--- Required work ---
What are the lines, copied exactly, from the one containing "Otto sedie antiche" through the last line of the records below, both included?

--- Material provided ---

:::::

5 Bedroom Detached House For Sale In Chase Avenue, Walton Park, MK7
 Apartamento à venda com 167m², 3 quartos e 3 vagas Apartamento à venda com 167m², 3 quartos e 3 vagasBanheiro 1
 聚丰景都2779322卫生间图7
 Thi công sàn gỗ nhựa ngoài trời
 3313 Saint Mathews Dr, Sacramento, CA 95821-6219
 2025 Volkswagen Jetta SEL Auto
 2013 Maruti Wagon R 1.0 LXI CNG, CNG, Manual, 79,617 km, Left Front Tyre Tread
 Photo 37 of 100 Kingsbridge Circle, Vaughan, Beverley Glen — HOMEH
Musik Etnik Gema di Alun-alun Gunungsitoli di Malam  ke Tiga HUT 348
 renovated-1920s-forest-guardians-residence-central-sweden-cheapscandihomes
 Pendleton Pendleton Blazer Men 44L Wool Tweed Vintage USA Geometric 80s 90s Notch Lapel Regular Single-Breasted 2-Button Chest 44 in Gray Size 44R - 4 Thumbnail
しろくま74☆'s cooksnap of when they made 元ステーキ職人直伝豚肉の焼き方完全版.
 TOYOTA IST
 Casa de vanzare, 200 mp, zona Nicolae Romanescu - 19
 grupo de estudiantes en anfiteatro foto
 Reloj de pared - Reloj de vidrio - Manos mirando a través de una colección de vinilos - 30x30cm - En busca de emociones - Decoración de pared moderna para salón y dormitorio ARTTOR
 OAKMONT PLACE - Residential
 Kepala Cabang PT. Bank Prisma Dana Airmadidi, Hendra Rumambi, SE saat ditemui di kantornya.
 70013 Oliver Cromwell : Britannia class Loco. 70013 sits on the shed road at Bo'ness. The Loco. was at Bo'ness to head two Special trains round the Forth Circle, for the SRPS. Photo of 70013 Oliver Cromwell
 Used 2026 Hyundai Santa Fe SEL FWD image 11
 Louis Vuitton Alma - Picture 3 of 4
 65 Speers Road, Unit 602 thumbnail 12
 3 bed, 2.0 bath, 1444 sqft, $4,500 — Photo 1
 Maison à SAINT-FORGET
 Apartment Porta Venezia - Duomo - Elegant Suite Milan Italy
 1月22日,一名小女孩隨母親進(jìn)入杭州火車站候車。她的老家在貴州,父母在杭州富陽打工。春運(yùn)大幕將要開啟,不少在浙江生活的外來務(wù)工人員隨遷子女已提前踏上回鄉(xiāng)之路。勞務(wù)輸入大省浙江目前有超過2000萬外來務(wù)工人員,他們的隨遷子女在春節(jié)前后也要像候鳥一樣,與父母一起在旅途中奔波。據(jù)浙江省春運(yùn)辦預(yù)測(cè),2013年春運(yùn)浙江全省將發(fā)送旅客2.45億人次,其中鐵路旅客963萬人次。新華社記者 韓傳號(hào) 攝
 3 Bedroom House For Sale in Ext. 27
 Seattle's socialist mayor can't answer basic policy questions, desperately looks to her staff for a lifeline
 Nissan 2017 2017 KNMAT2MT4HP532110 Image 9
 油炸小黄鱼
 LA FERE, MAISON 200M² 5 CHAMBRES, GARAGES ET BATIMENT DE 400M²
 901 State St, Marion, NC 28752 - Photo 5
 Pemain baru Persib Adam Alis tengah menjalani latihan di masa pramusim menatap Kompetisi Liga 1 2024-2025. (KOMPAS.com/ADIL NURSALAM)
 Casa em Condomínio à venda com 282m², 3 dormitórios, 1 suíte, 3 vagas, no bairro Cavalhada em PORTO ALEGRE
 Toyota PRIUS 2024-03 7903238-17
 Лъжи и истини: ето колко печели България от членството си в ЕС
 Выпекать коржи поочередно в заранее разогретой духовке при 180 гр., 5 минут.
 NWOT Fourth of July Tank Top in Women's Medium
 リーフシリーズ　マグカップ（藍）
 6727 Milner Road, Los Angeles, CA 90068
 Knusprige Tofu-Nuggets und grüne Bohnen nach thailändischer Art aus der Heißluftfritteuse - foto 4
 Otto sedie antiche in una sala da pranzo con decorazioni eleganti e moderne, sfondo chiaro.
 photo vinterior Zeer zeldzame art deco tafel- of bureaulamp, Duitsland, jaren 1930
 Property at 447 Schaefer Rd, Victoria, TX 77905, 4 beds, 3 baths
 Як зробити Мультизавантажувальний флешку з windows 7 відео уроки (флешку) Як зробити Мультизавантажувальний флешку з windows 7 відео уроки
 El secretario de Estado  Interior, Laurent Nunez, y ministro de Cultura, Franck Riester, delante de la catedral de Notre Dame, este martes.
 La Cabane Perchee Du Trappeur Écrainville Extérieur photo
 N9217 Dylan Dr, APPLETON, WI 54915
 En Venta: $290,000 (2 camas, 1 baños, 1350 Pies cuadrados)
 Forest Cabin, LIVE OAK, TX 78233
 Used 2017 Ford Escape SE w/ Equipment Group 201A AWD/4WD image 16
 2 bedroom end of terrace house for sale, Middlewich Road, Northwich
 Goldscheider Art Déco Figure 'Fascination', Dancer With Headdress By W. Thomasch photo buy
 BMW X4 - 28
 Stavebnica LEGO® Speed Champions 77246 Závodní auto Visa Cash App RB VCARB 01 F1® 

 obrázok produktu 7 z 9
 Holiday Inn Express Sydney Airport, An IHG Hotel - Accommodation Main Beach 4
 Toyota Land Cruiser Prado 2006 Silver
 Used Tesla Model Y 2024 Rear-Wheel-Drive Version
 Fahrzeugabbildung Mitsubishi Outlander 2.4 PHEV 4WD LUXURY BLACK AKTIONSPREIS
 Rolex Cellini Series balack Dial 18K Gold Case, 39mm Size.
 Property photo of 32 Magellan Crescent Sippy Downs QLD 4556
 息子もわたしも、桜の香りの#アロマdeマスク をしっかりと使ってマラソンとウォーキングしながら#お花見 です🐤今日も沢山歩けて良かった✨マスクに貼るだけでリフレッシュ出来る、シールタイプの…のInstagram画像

:::::

--- Output ---
 Otto sedie antiche in una sala da pranzo con decorazioni eleganti e moderne, sfondo chiaro.
 photo vinterior Zeer zeldzame art deco tafel- of bureaulamp, Duitsland, jaren 1930
 Property at 447 Schaefer Rd, Victoria, TX 77905, 4 beds, 3 baths
 Як зробити Мультизавантажувальний флешку з windows 7 відео уроки (флешку) Як зробити Мультизавантажувальний флешку з windows 7 відео уроки
 El secretario de Estado  Interior, Laurent Nunez, y ministro de Cultura, Franck Riester, delante de la catedral de Notre Dame, este martes.
 La Cabane Perchee Du Trappeur Écrainville Extérieur photo
 N9217 Dylan Dr, APPLETON, WI 54915
 En Venta: $290,000 (2 camas, 1 baños, 1350 Pies cuadrados)
 Forest Cabin, LIVE OAK, TX 78233
 Used 2017 Ford Escape SE w/ Equipment Group 201A AWD/4WD image 16
 2 bedroom end of terrace house for sale, Middlewich Road, Northwich
 Goldscheider Art Déco Figure 'Fascination', Dancer With Headdress By W. Thomasch photo buy
 BMW X4 - 28
 Stavebnica LEGO® Speed Champions 77246 Závodní auto Visa Cash App RB VCARB 01 F1® 

 obrázok produktu 7 z 9
 Holiday Inn Express Sydney Airport, An IHG Hotel - Accommodation Main Beach 4
 Toyota Land Cruiser Prado 2006 Silver
 Used Tesla Model Y 2024 Rear-Wheel-Drive Version
 Fahrzeugabbildung Mitsubishi Outlander 2.4 PHEV 4WD LUXURY BLACK AKTIONSPREIS
 Rolex Cellini Series balack Dial 18K Gold Case, 39mm Size.
 Property photo of 32 Magellan Crescent Sippy Downs QLD 4556
 息子もわたしも、桜の香りの#アロマdeマスク をしっかりと使ってマラソンとウォーキングしながら#お花見 です🐤今日も沢山歩けて良かった✨マスクに貼るだけでリフレッシュ出来る、シールタイプの…のInstagram画像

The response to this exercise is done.